Understanding Azure OpenAI Content Filtering
Azure OpenAI’s content filtering system operates on four categories: hate, sexual, violence, and self-harm. Each category can be configured with different severity thresholds:
from openai import AzureOpenAI
from azure.ai.contentsafety import ContentSafetyClient
from azure.ai.contentsafety.models import TextCategory, AnalyzeTextOptions
from azure.core.credentials import AzureKeyCredential
class ContentSafetyGuard:
def __init__(self, openai_client: AzureOpenAI, safety_endpoint: str, safety_key: str):
self.openai_client = openai_client
self.safety_client = ContentSafetyClient(
endpoint=safety_endpoint,
credential=AzureKeyCredential(safety_key)
)
self.severity_thresholds = {
TextCategory.HATE: 2,
TextCategory.SEXUAL: 2,
TextCategory.VIOLENCE: 4,
TextCategory.SELF_HARM: 2
}
def analyze_content(self, text: str) -> dict:
"""Analyze text for safety concerns."""
request = AnalyzeTextOptions(text=text)
response = self.safety_client.analyze_text(request)
violations = []
for category_result in response.categories_analysis:
if category_result.severity >= self.severity_thresholds.get(
category_result.category, 2
):
violations.append({
"category": category_result.category.value,
"severity": category_result.severity
})
return {
"is_safe": len(violations) == 0,
"violations": violations,
"analysis": response
}
Implementing Custom Business Rules
Add domain-specific safety rules beyond default content filtering:
import re
from typing import List, Callable
class BusinessRuleGuard:
def __init__(self):
self.rules: List[Callable[[str], tuple[bool, str]]] = []

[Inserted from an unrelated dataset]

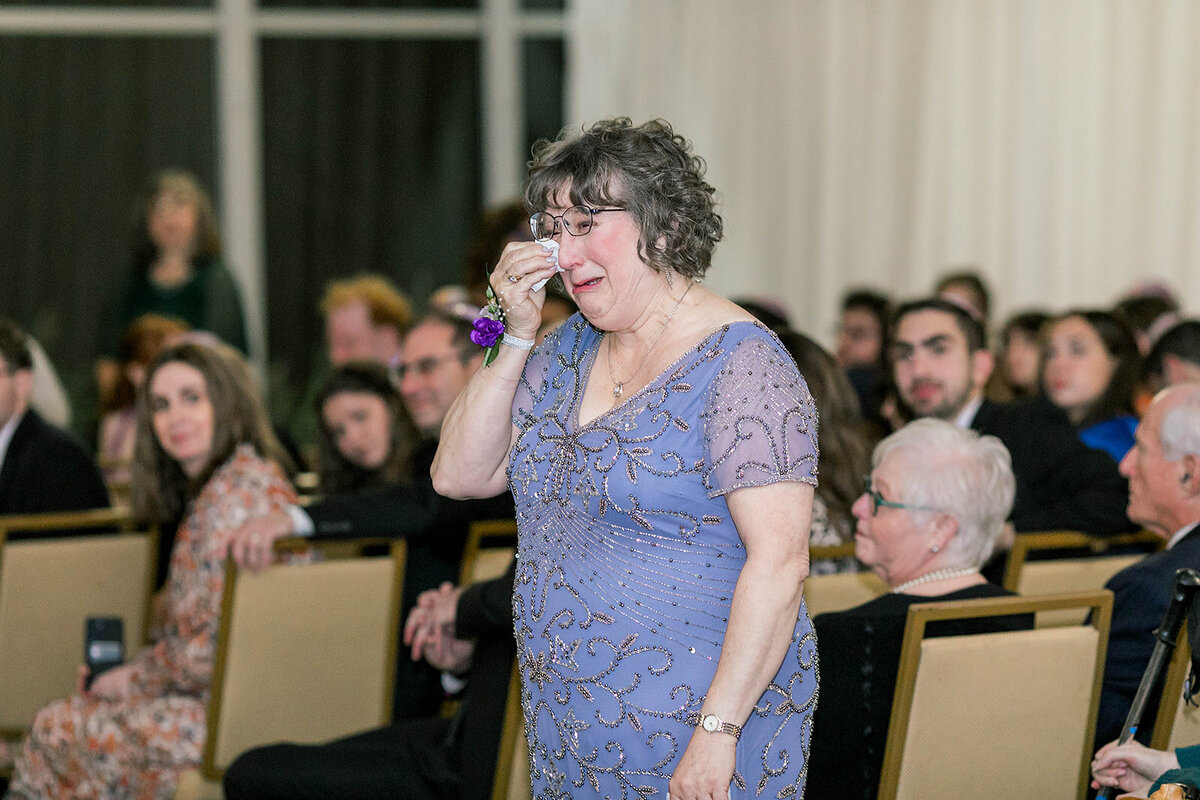 Eliana-Melmed-Photography-Chicago-LosAngeles-Jewish-WeddingPhotography-Chuppah-00084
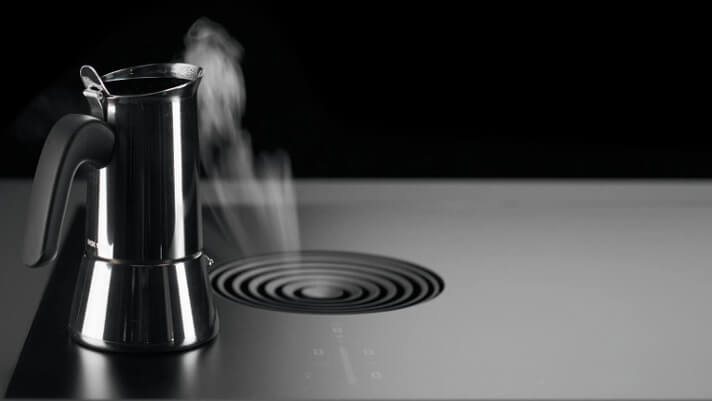 S Pure posiada funkcję parzenia kawy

def add_pii_detection(self):
"""Block potential PII in prompts."""
patterns = {
"ssn": r"\b\d{3}-\d{2}-\d{4}\b",
"credit_card": r"\b\d{4}[\s-]?\d{4}[\s-]?\d{4}[\s-]?\d{4}\b",
"email": r"\b[A-Za-z0-9._%+-]+@[A-Za-z0-9.-]+\.[A-Z|a-z]{2,}\b"
}
def check_pii(text: str) -> tuple[bool, str]:
for pii_type, pattern in patterns.items():
if re.search(pattern, text):
return False, f"Potential {pii_type} detected"
return True, ""
self.rules.append(check_pii)
def add_prompt_injection_detection(self):
"""Detect common prompt injection patterns."""
injection_patterns = [
r"ignore\s+(previous|above|all)\s+instructions",
r"disregard\s+(your|the)\s+(rules|guidelines)",
r"you\s+are\s+now\s+(a|an)\s+"
]
def check_injection(text: str) -> tuple[bool, str]:
text_lower = text.lower()
for pattern in injection_patterns:
if re.search(pattern, text_lower):
return False, "Potential prompt injection detected"
return True, ""
self.rules.append(check_injection)
Logging and Audit Trail
Maintain comprehensive logs of all content filtering decisions for compliance and incident investigation. Every blocked request should be logged with context while respecting privacy requirements.